I recently encountered a case where I need to compare two files (golden and expected) for verification of test results and even though the data written to both the files were same, the files does not match.
On further investigation, I found that there is a structure which contains some integers and a char array of 64 bytes, and not all the bytes of char array were getting used in most of the cases and unused fields from the array contain random data and that was causing the mismatch.
This brought me ask the question whether it is good practice to initialize the array in C/C++ as well, as it is done in Java?
I strongly disagree with the given opinions that doing so is "eliminating a common source of bugs" or "not doing so will mess with your program's correctness". If the program works with unitialized values then it has a bug and is incorrect. Initializing the values does not eliminate this bug, because they often still do not have the expected values at the first use. However, when they contain random garbage, the program is more likely to crash in a random way at every try. Always having the same values may give a more deterministic behaviour in crashing and makes debugging easier.
For your specific question, it is also good security practice to overwrite unused parts before they are written to a file, because they may contain something from a previous use that you do not want to be written, like passwords.
I would say that the good practice in C++ is using a std::vector<> instead of an array. This is not valid for C, of course.
Keep in mind that keeping arrays uninitialized may have advantages like performance.
It's only bad reading from uninitialized arrays. Having them around without ever reading from uninitialized places is fine.
Moreover if your program has bug that makes it read from uninitialized place in array, then "covering it up" by defensively initializing all array to known value is not the solution for bug, and can only make it surface later.
One could write a big article on the difference between the two styles one can encounter, people who initialize variables always when declaring them and people who initialize them when necessary. I share a big project with someone who is in the first category and I am now definitly more of the second type. Always initializing variables has brought more subtle bugs and problems than not and I will try to explain why, remembering the cases I found. First example:
This was the code written by the other guy. This function is the hottest function in our application (you imagine a text index on 500 000 000 sentences in a ternary tree, the FIFO stack is used to handle the recursion as we do not want to use recursive function calls).
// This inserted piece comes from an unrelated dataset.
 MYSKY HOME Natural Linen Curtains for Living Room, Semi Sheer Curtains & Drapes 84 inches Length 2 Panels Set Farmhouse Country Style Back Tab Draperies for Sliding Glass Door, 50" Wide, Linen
This was typical of his programming style because of his systematic initialization of variables. The problem with that code was the hidden
memcpy
of the initialization and the two other copies of the structures (which btw were not calls tomemcpy
gcc's strange sometimes), so we had 3 copies + a hidden function call in the hottest function of the project. Rewriting it toOnly one copy (and supplemental benefit on SPARC where it runs, the function is a leaf function thanks to the avoided call to
memcpy
and does not need to build a new register window). So the function was 4 times faster.Another problem I found ounce but do not remember where exactly (so no code example, sorry). A variable that was initialized when declared but it was used in a loop, with
switch
in a finite state automaton. The problem the initialization value was not one of the states of the automaton and in some extremly rare cases the automaton didn't work correctly. By removing the initializer, the warning the compiler emitted made it obvious that the variable could be used before it was properly initialized. Fixing the automaton was easy then. Morality: defensively initialising a variable may suppress a very usefull warning of the compiler.Conclusion: Initialise your variables wisely. Doing it systematicaly is nothing more than following a cargo-cult (my buddy at work is the worse cargo-culter one can imagine, he never uses goto, always initialize a variable, use a lot of static declarations (it's faster ye know (it's in fact even really slow on SPARC 64bit), makes all functions
inline
even if they have 500 lines (using__attribute__((always_inline))
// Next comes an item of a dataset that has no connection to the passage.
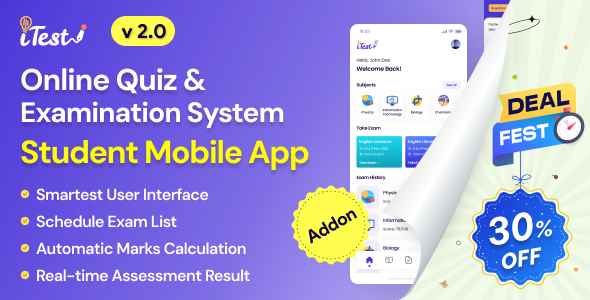 iTest - Online Quiz & Examination System Flutter Mobile App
when the compiler does not want)If you don't initialize the values in a c++ array, then the values could be anything, so it would be good practice to zero them out if you want predictable results.
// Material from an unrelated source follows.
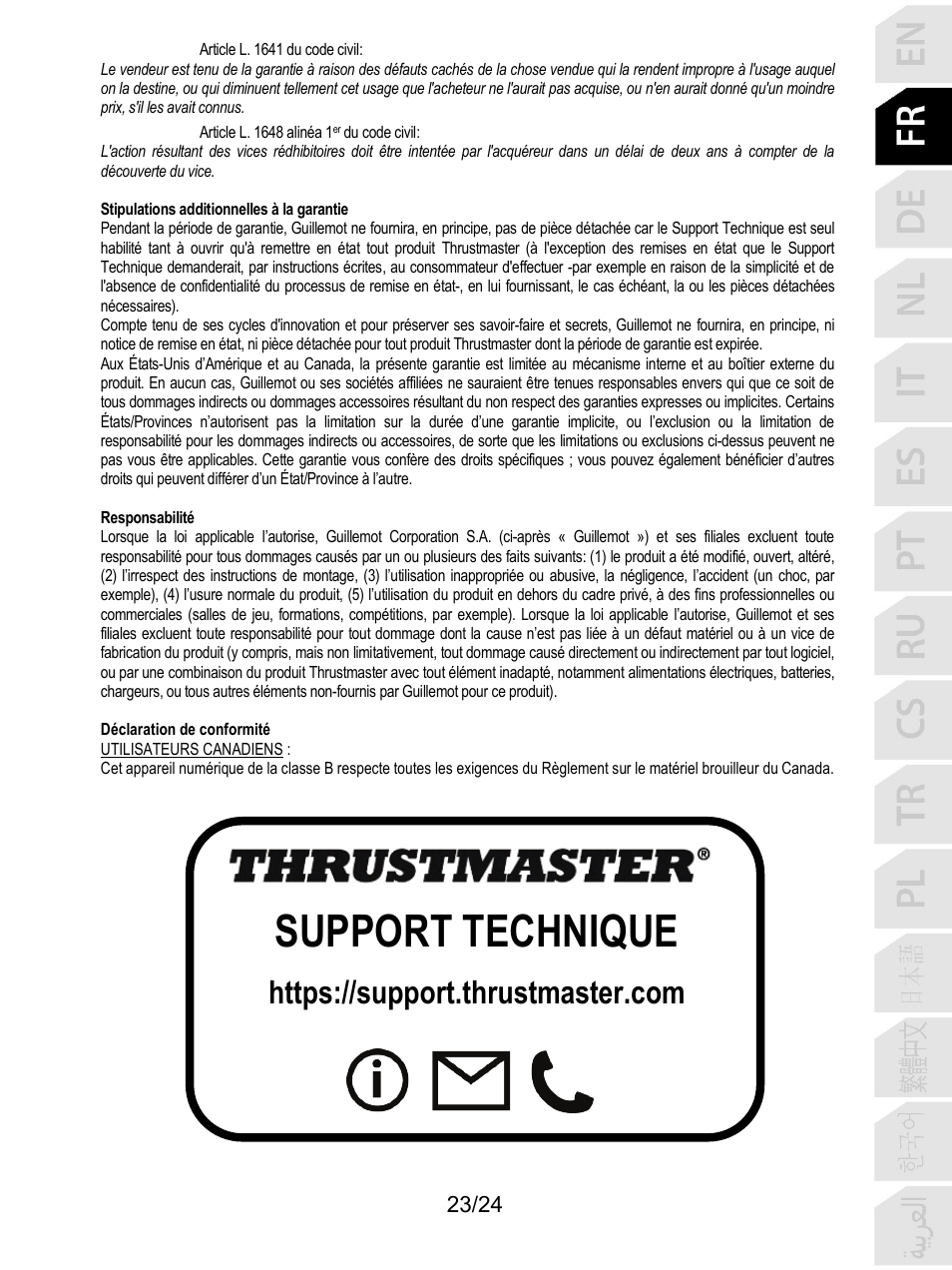 Support technique | Thrustmaster T128 Racing Wheel and Pedal Set for Xbox Series X/S & PC User Manual | Page 48 / 523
But if you use the char array like a null terminated string, then you should be able to write it to a file with the proper function.
Although in c++ it might be better to use a more OOP solution. I.E. vectors, strings, etc.
First, you should initialize arrays, variables, etc. if not doing so will mess with your program's correctness.
Second, it appears that in this particular case, not initializing the array did not affect the correctness of the original program. Instead, the program meant to compare the files does not know enough about the file format used to tell if the files differ in a meaningful way ("meaningful" defined by the first program).
Instead of complaining about the original program, I would fix the comparison program to know more about the file format in question. If the file format isn't well documented then you've got a good reason to complain.